A number written as ( m x \(10^n\) ) is said to be in standard form if m is a decimal number such that 1 \( \le \) m \(< \)10 and n is either a positive or a negative integer.

The standard form of a number is also known as Scientific notation.

## Expressing Very Large Numbers in Standard Form

In order to write large numbers in the standard form,following steps must be followed:

* STEP I*– Obtain the number and move the decimal point to the left till you get just one digit to the left of the decimal point.

* STEP II*– Write the given number as the product of the number so obtained and \(10^n\) , where n is the number of places the decimal point has been moved to the left. If the given number is between 1 and 10, then write it as the product of the number itself and \(10^0\) .

**Illustrative Examples**

**Example 1:** Express the following numbers in the standard form:

(i) 3,90,878 (ii) 3,186,500,000 (iii) 65,950,000

**Solution.**

(i) We have,

3,90,878 = 390878.00

Clearly, the decimal point is moved through five places to obtain a number in which there is just one digit to the left of the decimal point.

Therefore, 390878.00 = 3.90878 x \(10^5\)

(ii) We have,

3,186,500,000 = 3.186500000 x \(10^9\)

= 3.1865 x \(10^9\)

(iii) We have,

65,950,000 = 65,950,000.00

= 6.5950000 x \(10^7\)

= 6.595 x \(10^7\)

**Example 2:** The distance between sun and earth is (1.496 x \( {10}^{11} \)) m and the distance between earth and moon is (3.84 x \(10^8\)) m. During solar eclipse moon comes in between earth and sun. At that time what Is the distance between moon and sun?
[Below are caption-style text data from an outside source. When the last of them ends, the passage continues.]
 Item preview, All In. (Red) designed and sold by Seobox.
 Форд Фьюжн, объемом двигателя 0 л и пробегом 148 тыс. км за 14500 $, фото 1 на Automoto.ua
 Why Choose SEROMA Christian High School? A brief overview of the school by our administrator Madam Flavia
**Solution.** Required distance

= {(1.496 x \( {10}^{11} \)) – (3.84 x \(10^8\)) } m

= {\( \frac { 1496\times { 10 }^{ 11 } }{ { 10 }^{ 3 } } \) – (3.84 x \(10^8\))} m

= {1496 x \(10^8\)) – (3.84 x \(10^8\))} m

= {(1496 – 3.84) x \(10^8\))} m

= (1492.16 x \(10^8\)) m

Hence, the distance between moon and sun is (1492.16 x \(10^8\) ) m.
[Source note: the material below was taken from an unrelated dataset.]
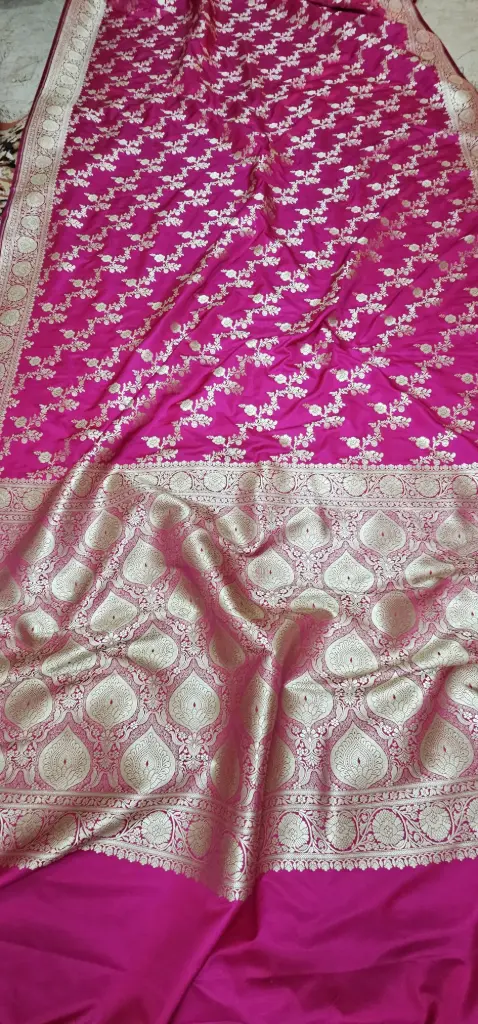Mashru Saree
**Example 3:** Write the following numbers in the usual form:

(i) 7.54 x \(10^6\) (ii)2.514 x \(10^7\)

**Solution.** We have

(i) 7.54 x \(10^6\)

= \(\frac{754}{100}\) x \(10^6\)

= \(\frac{754 \times {10}^{6} }{{10}^{2}}\)

= 754 x \({10}^{(6-2)}\)

= (754 x \({10}^{4}\) )

= (754 x 10000) = 7540000

(ii) 2.514 x \(10^7\)

= \(\frac{2514}{1000}\) x \(10^7\)

= \(\frac{2514 \times {10}^{7} }{{10}^{3}}\)

= 2514 x \({10}^{(7-3)}\)

= (2514 x \({10}^{4}\) )

= (2514 x 10000) = 25140000

## Expressing Very Small Numbers in Standard Form

In order to write very small numbers in the standard form,following steps must be followed:

* STEP I-* Obtain the number and count the number of decimal values after the decimal point. Consider it as n.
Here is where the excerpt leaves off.